### Provided records
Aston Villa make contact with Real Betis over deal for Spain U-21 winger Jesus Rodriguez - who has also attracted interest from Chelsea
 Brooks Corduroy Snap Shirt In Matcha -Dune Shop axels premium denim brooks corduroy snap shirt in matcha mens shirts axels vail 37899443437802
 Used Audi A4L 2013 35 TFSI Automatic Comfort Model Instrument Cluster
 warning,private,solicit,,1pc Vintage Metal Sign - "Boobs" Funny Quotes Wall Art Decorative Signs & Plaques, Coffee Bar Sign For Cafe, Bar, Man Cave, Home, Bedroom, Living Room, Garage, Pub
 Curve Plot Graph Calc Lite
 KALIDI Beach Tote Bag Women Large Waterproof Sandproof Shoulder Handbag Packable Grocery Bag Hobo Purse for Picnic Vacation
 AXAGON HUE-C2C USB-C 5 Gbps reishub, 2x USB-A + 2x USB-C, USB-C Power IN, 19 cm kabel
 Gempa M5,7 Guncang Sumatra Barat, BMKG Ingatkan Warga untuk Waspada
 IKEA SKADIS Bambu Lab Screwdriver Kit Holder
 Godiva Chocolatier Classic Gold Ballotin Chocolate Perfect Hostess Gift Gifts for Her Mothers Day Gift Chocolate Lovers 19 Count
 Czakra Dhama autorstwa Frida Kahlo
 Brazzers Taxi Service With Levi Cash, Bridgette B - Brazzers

### Aim of the exercise
Exactly reproduce the lines from the one containing "Godiva Chocolatier Classic" through the end of the records, and only those lines.

### Answer space
 Godiva Chocolatier Classic Gold Ballotin Chocolate Perfect Hostess Gift Gifts for Her Mothers Day Gift Chocolate Lovers 19 Count
 Czakra Dhama autorstwa Frida Kahlo
 Brazzers Taxi Service With Levi Cash, Bridgette B - Brazzers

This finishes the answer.